:: What is required ::
Quote, exactly, the line holding "Levi’s Vintage Olive" and all lines after it to the end of the records below. Exclude pictures.

:: Scraped caption text data ::

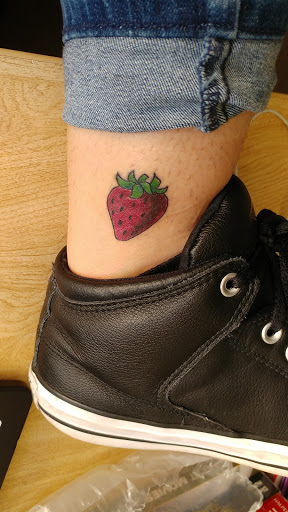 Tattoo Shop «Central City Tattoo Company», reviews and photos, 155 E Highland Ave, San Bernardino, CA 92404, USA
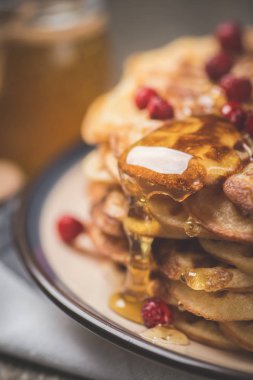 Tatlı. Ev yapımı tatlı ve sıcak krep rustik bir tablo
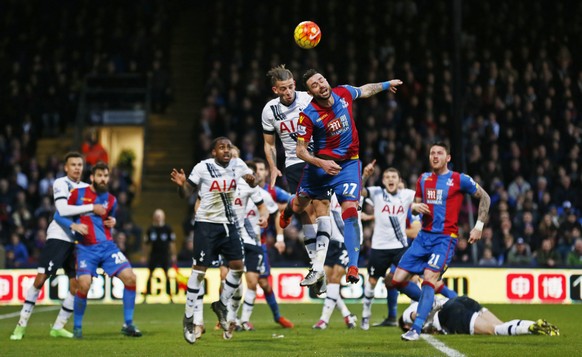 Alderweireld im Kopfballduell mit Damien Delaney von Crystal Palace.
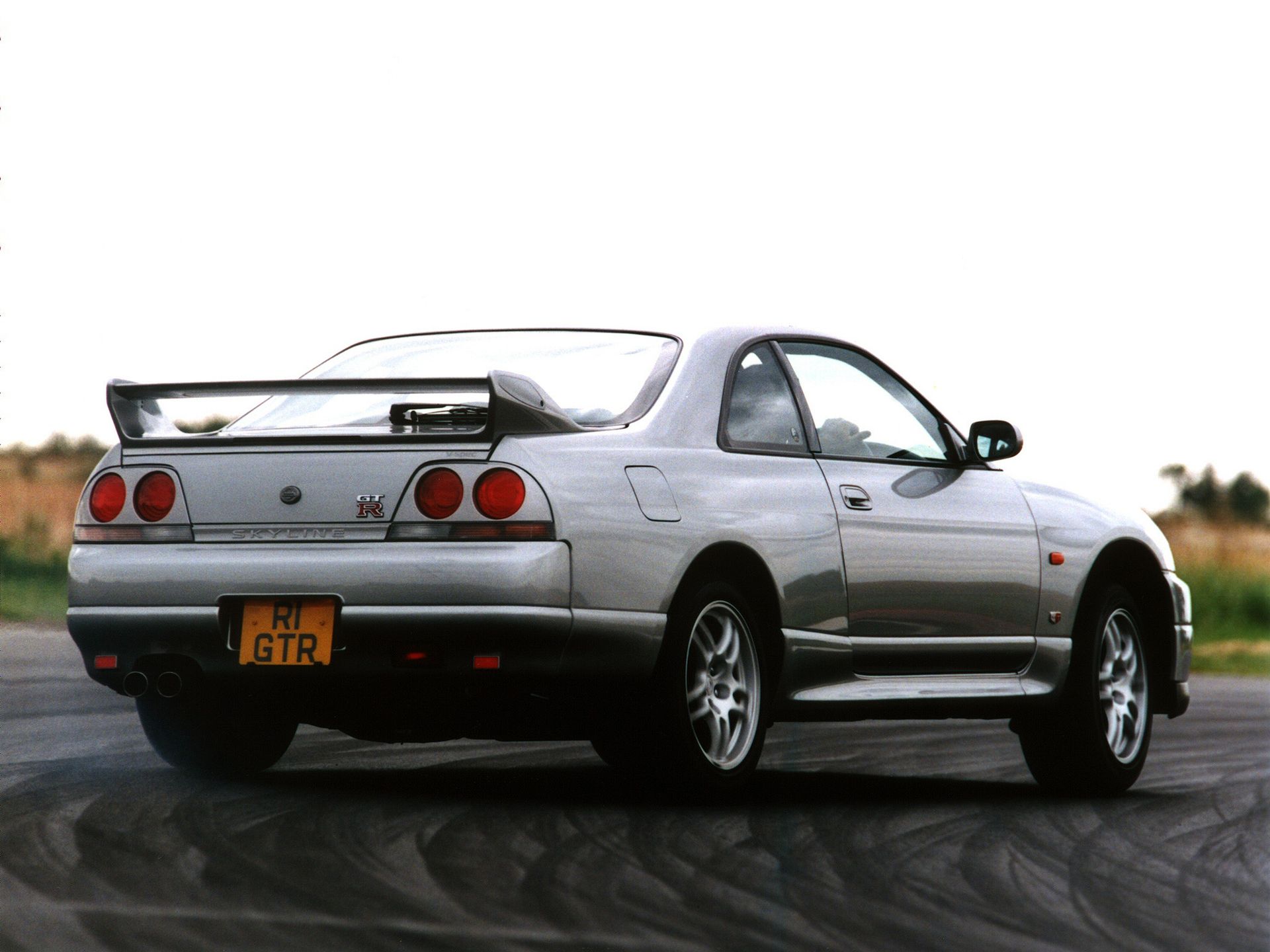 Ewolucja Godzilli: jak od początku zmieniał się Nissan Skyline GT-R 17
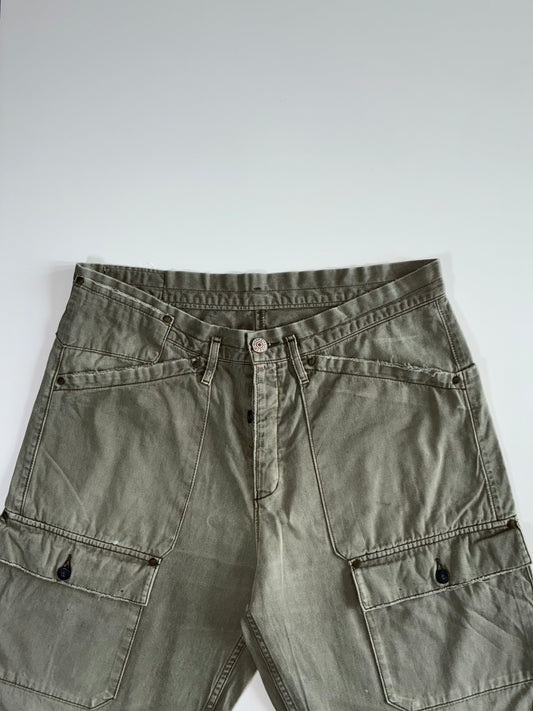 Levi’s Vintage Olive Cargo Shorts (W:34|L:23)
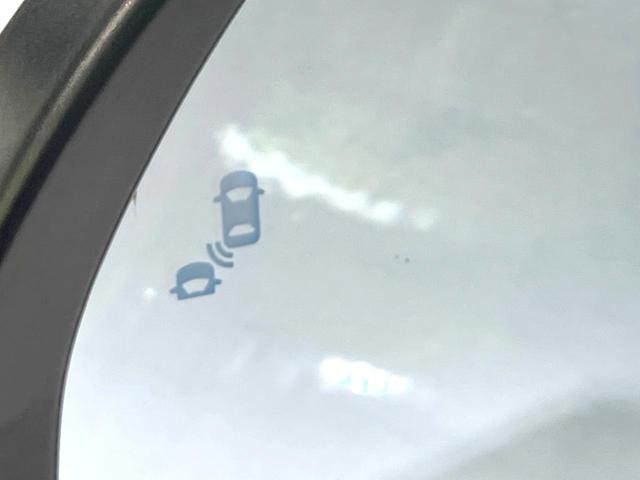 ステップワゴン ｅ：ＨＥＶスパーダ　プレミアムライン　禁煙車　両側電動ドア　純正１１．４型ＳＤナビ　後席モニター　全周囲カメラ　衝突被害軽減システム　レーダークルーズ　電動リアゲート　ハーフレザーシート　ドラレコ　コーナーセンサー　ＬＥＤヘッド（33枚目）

:: Response to this exercise ::
 Levi’s Vintage Olive Cargo Shorts (W:34|L:23)
 ステップワゴン ｅ：ＨＥＶスパーダ　プレミアムライン　禁煙車　両側電動ドア　純正１１．４型ＳＤナビ　後席モニター　全周囲カメラ　衝突被害軽減システム　レーダークルーズ　電動リアゲート　ハーフレザーシート　ドラレコ　コーナーセンサー　ＬＥＤヘッド（33枚目）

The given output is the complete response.